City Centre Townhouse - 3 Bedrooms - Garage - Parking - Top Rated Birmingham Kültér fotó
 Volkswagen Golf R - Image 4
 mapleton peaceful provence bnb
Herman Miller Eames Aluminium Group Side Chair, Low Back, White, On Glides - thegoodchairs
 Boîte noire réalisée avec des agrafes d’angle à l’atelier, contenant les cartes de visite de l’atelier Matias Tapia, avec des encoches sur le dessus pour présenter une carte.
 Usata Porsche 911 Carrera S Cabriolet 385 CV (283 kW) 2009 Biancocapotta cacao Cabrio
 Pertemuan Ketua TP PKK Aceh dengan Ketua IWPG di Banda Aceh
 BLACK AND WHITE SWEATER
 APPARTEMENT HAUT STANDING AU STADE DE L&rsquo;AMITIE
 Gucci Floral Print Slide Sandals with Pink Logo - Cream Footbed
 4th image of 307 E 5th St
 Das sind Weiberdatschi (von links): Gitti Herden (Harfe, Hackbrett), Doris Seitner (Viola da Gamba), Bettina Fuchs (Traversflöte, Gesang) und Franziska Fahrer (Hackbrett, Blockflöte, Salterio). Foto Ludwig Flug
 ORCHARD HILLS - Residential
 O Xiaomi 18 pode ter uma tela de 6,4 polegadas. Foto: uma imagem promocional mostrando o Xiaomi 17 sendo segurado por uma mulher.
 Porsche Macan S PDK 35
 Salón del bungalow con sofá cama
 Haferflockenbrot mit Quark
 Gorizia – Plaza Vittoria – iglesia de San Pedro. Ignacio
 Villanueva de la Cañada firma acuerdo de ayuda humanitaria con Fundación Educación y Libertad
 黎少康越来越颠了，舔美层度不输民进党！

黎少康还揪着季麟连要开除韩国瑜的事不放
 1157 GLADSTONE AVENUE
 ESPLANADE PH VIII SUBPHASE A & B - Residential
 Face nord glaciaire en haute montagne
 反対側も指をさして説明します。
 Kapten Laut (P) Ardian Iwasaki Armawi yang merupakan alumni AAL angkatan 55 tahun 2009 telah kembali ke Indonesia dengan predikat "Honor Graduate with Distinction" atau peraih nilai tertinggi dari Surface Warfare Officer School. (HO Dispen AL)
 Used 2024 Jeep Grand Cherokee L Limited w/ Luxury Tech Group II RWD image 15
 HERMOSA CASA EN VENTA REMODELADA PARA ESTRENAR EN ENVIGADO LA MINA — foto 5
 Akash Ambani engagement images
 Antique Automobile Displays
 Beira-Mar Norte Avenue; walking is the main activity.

▶ What you need to do: Output all records exactly, with nothing added or dropped.

▶ Output of the task:
City Centre Townhouse - 3 Bedrooms - Garage - Parking - Top Rated Birmingham Kültér fotó
 Volkswagen Golf R - Image 4
 mapleton peaceful provence bnb
Herman Miller Eames Aluminium Group Side Chair, Low Back, White, On Glides - thegoodchairs
 Boîte noire réalisée avec des agrafes d’angle à l’atelier, contenant les cartes de visite de l’atelier Matias Tapia, avec des encoches sur le dessus pour présenter une carte.
 Usata Porsche 911 Carrera S Cabriolet 385 CV (283 kW) 2009 Biancocapotta cacao Cabrio
 Pertemuan Ketua TP PKK Aceh dengan Ketua IWPG di Banda Aceh
 BLACK AND WHITE SWEATER
 APPARTEMENT HAUT STANDING AU STADE DE L&rsquo;AMITIE
 Gucci Floral Print Slide Sandals with Pink Logo - Cream Footbed
 4th image of 307 E 5th St
 Das sind Weiberdatschi (von links): Gitti Herden (Harfe, Hackbrett), Doris Seitner (Viola da Gamba), Bettina Fuchs (Traversflöte, Gesang) und Franziska Fahrer (Hackbrett, Blockflöte, Salterio). Foto Ludwig Flug
 ORCHARD HILLS - Residential
 O Xiaomi 18 pode ter uma tela de 6,4 polegadas. Foto: uma imagem promocional mostrando o Xiaomi 17 sendo segurado por uma mulher.
 Porsche Macan S PDK 35
 Salón del bungalow con sofá cama
 Haferflockenbrot mit Quark
 Gorizia – Plaza Vittoria – iglesia de San Pedro. Ignacio
 Villanueva de la Cañada firma acuerdo de ayuda humanitaria con Fundación Educación y Libertad
 黎少康越来越颠了，舔美层度不输民进党！

黎少康还揪着季麟连要开除韩国瑜的事不放
 1157 GLADSTONE AVENUE
 ESPLANADE PH VIII SUBPHASE A & B - Residential
 Face nord glaciaire en haute montagne
 反対側も指をさして説明します。
 Kapten Laut (P) Ardian Iwasaki Armawi yang merupakan alumni AAL angkatan 55 tahun 2009 telah kembali ke Indonesia dengan predikat "Honor Graduate with Distinction" atau peraih nilai tertinggi dari Surface Warfare Officer School. (HO Dispen AL)
 Used 2024 Jeep Grand Cherokee L Limited w/ Luxury Tech Group II RWD image 15
 HERMOSA CASA EN VENTA REMODELADA PARA ESTRENAR EN ENVIGADO LA MINA — foto 5
 Akash Ambani engagement images
 Antique Automobile Displays
 Beira-Mar Norte Avenue; walking is the main activity.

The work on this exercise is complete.